* DATASET CONTENT
========================================================================

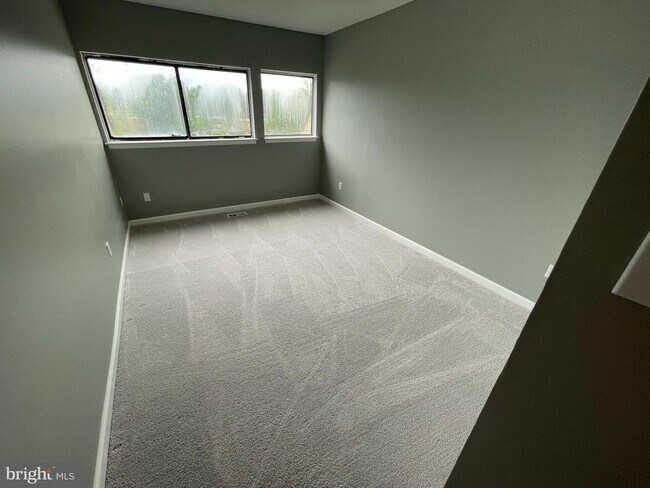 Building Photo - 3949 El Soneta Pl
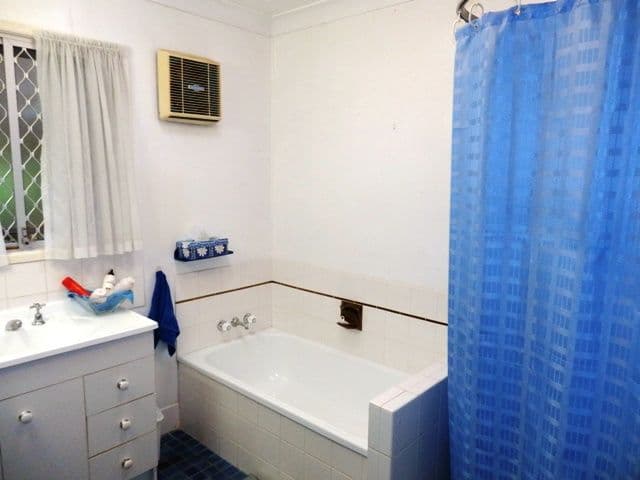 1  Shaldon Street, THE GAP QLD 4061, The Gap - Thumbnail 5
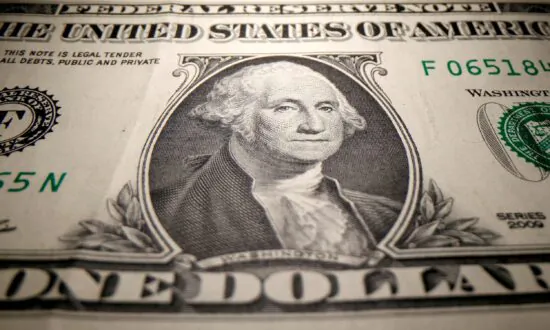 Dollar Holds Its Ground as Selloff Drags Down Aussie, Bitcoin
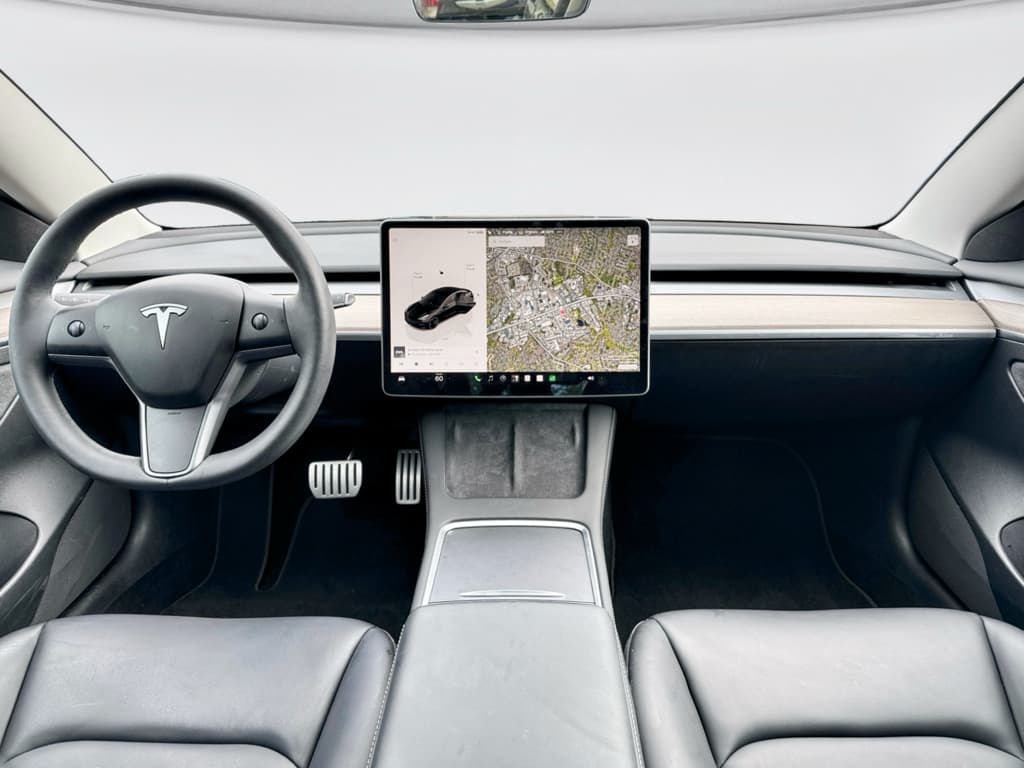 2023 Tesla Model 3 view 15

========================================================================

* EXERCISE BRIEF
Without the pictures, retype exactly the lines from the one that holds "Dollar Holds Its" to the last line of the data above, both of them included.

* REPLY TO THE EXERCISE
 Dollar Holds Its Ground as Selloff Drags Down Aussie, Bitcoin
 2023 Tesla Model 3 view 15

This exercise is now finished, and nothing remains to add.